**Exercise instructions:**
When a line in the data below includes "paralume", pick it out and copy it.

*** Records for this exercise Section Begins ***

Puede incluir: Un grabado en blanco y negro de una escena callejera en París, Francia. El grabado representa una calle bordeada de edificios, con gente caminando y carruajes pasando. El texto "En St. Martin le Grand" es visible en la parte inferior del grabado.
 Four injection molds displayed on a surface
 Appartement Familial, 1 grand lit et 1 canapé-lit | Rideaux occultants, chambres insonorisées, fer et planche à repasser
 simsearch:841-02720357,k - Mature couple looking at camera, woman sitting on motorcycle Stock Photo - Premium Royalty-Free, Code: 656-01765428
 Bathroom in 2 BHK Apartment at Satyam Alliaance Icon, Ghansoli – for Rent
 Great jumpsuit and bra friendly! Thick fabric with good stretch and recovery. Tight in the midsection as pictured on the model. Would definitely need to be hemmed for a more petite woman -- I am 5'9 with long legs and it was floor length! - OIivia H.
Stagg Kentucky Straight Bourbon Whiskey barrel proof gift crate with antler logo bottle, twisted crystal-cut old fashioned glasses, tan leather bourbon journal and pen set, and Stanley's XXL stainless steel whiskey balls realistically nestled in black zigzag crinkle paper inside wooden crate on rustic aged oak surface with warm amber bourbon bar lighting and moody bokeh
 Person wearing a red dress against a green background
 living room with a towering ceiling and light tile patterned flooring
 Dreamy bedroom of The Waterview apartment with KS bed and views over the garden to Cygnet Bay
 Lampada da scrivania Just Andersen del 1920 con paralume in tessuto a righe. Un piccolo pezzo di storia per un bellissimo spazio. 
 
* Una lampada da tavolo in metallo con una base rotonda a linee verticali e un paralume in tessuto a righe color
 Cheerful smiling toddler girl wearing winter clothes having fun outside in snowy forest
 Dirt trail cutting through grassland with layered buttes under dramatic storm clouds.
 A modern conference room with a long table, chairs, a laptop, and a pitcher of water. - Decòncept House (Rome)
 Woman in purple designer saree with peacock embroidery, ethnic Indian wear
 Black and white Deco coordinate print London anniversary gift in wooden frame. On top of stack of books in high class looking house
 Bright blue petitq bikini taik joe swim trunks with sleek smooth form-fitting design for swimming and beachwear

*** Records for this exercise Section Ends ***

**Task solution:**
 Lampada da scrivania Just Andersen del 1920 con paralume in tessuto a righe. Un piccolo pezzo di storia per un bellissimo spazio. 
* Una lampada da tavolo in metallo con una base rotonda a linee verticali e un paralume in tessuto a righe color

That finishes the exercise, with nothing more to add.